• **PROBLEM DETAILS**
A faithful copy is required. Print each line of the data exactly and omit the pictures.

• **COLLECTED MATERIAL**
═══

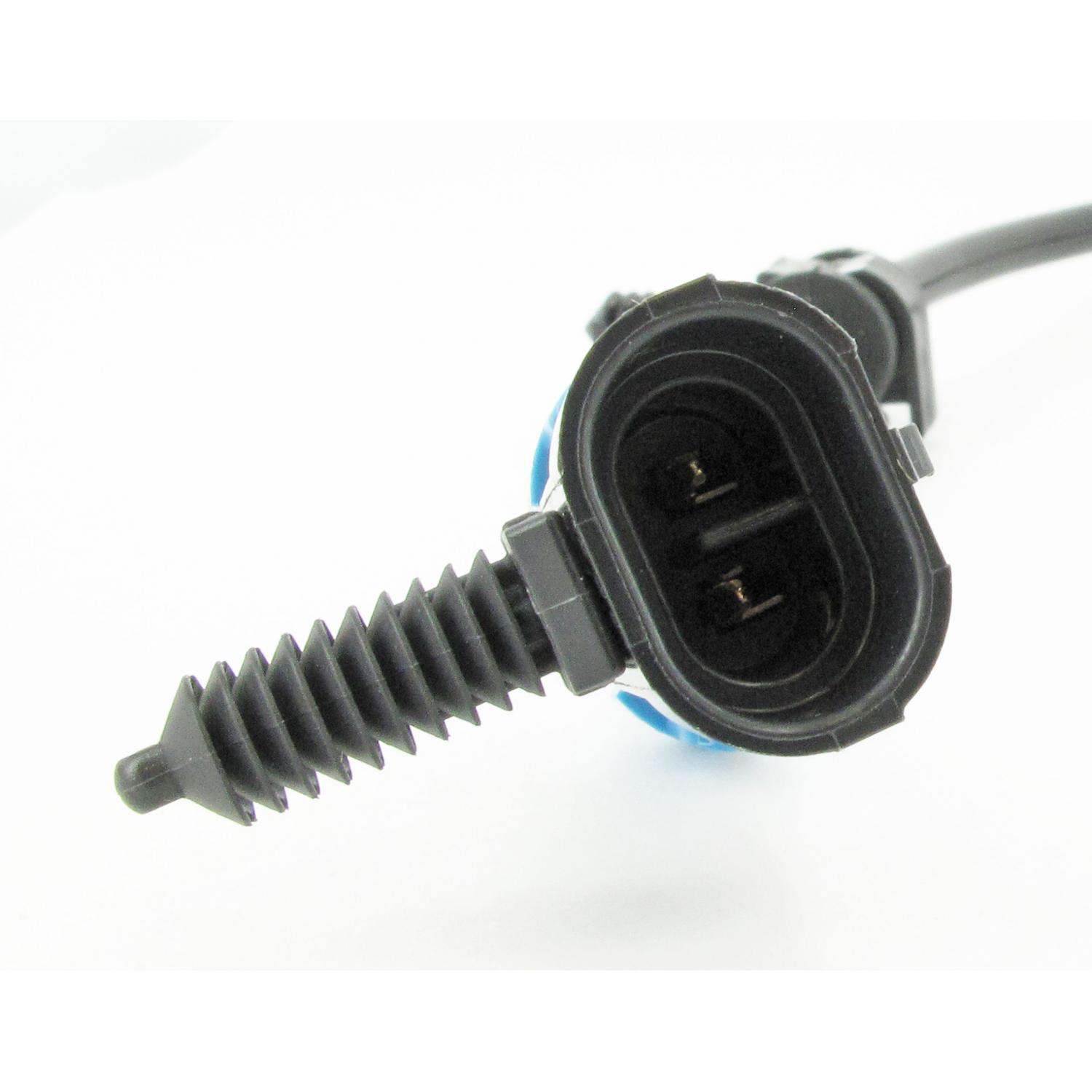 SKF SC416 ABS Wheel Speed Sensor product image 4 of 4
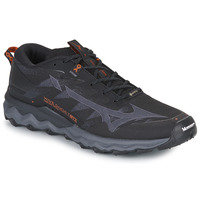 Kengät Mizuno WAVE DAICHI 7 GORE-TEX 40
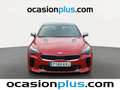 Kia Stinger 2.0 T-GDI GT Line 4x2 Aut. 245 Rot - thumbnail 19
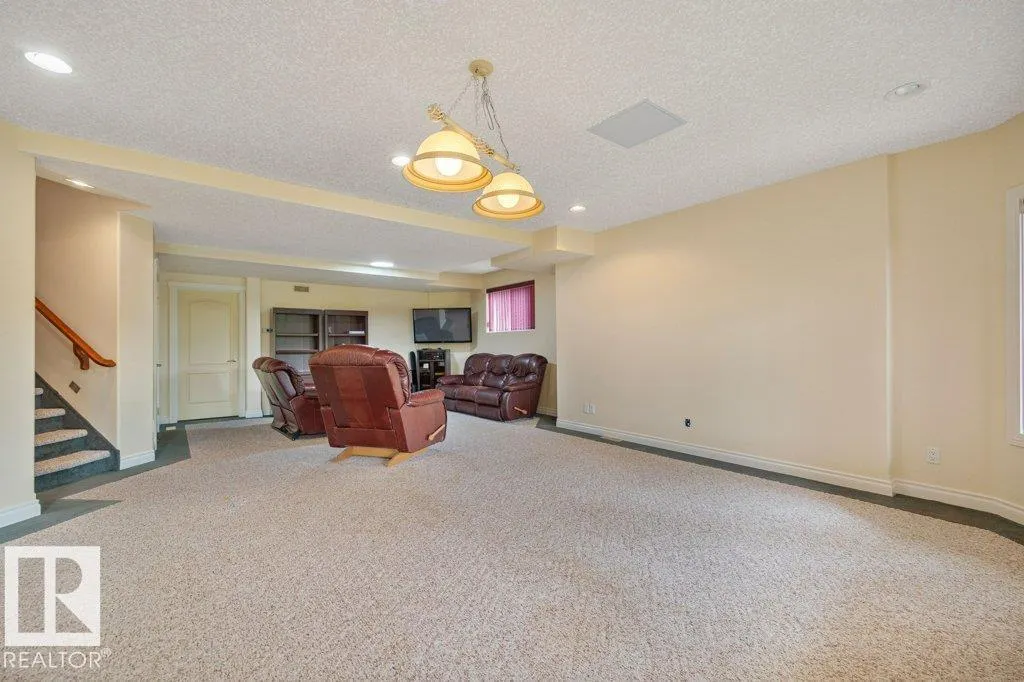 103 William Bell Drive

═══

• **FINISHED EXERCISE**
 SKF SC416 ABS Wheel Speed Sensor product image 4 of 4
 Kengät Mizuno WAVE DAICHI 7 GORE-TEX 40
 Kia Stinger 2.0 T-GDI GT Line 4x2 Aut. 245 Rot - thumbnail 19
 103 William Bell Drive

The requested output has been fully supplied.